The Management Board of Orzeł Biały S.A. (“The Issuer”, “The Company”) hereby announces that, with reference to the current report 5/2017 dated 20 January 2017 wherein it informed about the conditional decision made by the Company involving the purchase of own shares with the aim to retire them (hereinafter “The Decision“), it concluded an agreement with the majority shareholder NEF Battery Holdings S.a.r.l. („The Shareholder”) in terms of cooperating in the Company’s share buy-back scheme and of The Shareholder supporting The Company in financing thereof (“The Agreement”).

The agreement was concluded due to the fact that the Annual General Meeting Resolution No. 21 of 29 May 2015 authorised the Company to acquire own shares for redemption/retirement and authorised the Management Board to take factual and legal actions for the implementation of the said resolution by 31 December 2017.

The AGM authorization includes the shares buy-back in the total number of not more than 6,568,261 shares, which represent approximately 39.45% of the share capital of the Company.

In order to accomplish the said Resolution, the Company embarked on discussions with the banks in order to obtain financing for the shares buy-back. The funding will be secured, among other things, by the Company’s shares held by the Shareholder.

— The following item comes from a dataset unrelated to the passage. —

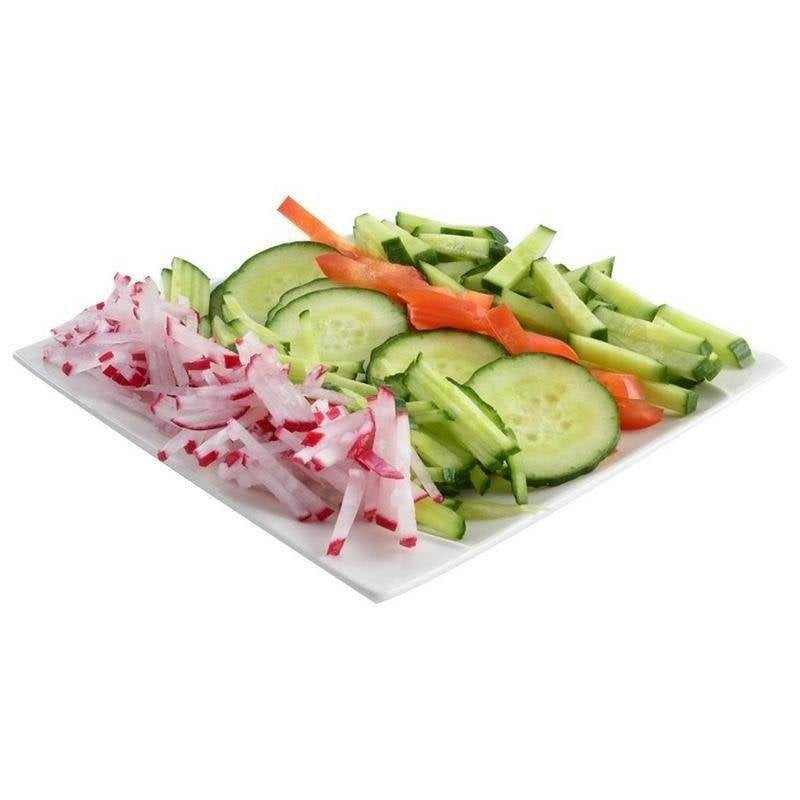 Vegetable slicer with replaceable inserts and steel blade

In addition, the implementation of this resolution could, in accordance with Art. 74 Para. 2 in conjunction with Art. 87 Para. 5 Cl. 1 of the Public Offering and Conditions Governing the Introduction of Financial Instruments to an Organised Trading System and the Public Companies Act of 29 July 2005 (“The Act“), lead to indirect exceedance of the threshold of 66% of the total number of votes in the Company by the majority shareholder of NEF Battery Holdings S.a.r.l. and, thus, the need by it to announce the subscription call to tender for the sale or exchange of all remaining shares of the Company.

Given these circumstances, the Management Board started discussions with The Shareholder and, taking into account the intention of The Shareholder reported during the discussions, i.e. to increase its stake in The Company and, in the case of acquisition of a corresponding block shares, to delist The Company from the Stock Exchange, concluded an agreement with the majority shareholder NEF Battery Holdings S.a.r.l. in terms of buy-back cooperation for repurchase acquisition of shares, which meets the attributes of an agreement referred to in Art. 87. Para. 1 Cl. 5 of the Act. In addition, the Agreement provides for the support of The Company by the Shareholder in financing the shares buy-back in the form of establishing a  registered pledge and a financial pledge on the shares of The Company held by The Shareholder in order to secure bank claims which shall grant a loan to The Company to finance the buy-back scheme under the Call.

 

The Agreement provides for cooperation of The Company and The Shareholders as follows:

  1. The acquisition of shares shall take place as part of the subscription call announced by The Shareholder („The Call”).
  2. The Call shall be announced for the remaining shares in the Company (i.e. those held by entities other than The Shareholder) in the number of 6,568,261 representing 39.45% of the share capital and voting rights (“The Shares“), in accordance with Art. 74 Para. 1 of the Public Offering Act (exceeding the threshold of 66% of the votes) and in accordance with Art. 91 Para. 6 of the Public Offering Act (removed dematerialisation of shares).
  3. The price per Share in the Call shall be PLN 8.65.
  4. The Company and The Shareholder shall be Shares buying parties under the call and shall procure Shares under the Call as follows:

1.1.  The Company will be privileged in acquiring the Shares, but not more than 4,161,849 Shares;

1.2.  The Shareholder will acquire the remaining Shares subject to the provisions of the subscription (i.e. more than 4,161,849).

  1. The content of the Call shall be agreed between The Company, The Shareholder and the investment company as intermediary in the announcement of the Call.
  2. Each Party undertakes to meet all the requirements and conditions necessary for the announcement and performance of the Call, in particular: (i) agree and sign the required agreements with the investment intermediary in the Call, (ii) establish the required security on shares purchased under the Call and (iii) agree and sign the Call document and any agreed changes thereto.
  3. The Parties also agree to mutually cooperate in fulfilling all the requirements and preconditions for the announcement and performance of the Call that are common to both Parties.
  4. In addition, the agreement contains a statement and obligation of The Shareholder to the establishment of a registered pledge and a financial pledge on the shares of the Company held by The Shareholder in order to secure the claims of the bank which shall grant a loan to the Company to repurchase its own shares under the Call.

The conclusion of the Agreement was one of the conditions precedent to the Decision regarding the shares buy-back. At the moment of the publication of this information one condition precedent remained unfulfilled, i.e. the signing by the Company of a credit agreement to finance the repurchase of own shares. The fulfillment of the above condition will be communicated to the market by the Company immediately.

Legal basis: Art. 17 Para. 1 MAR at 8:16 a.m.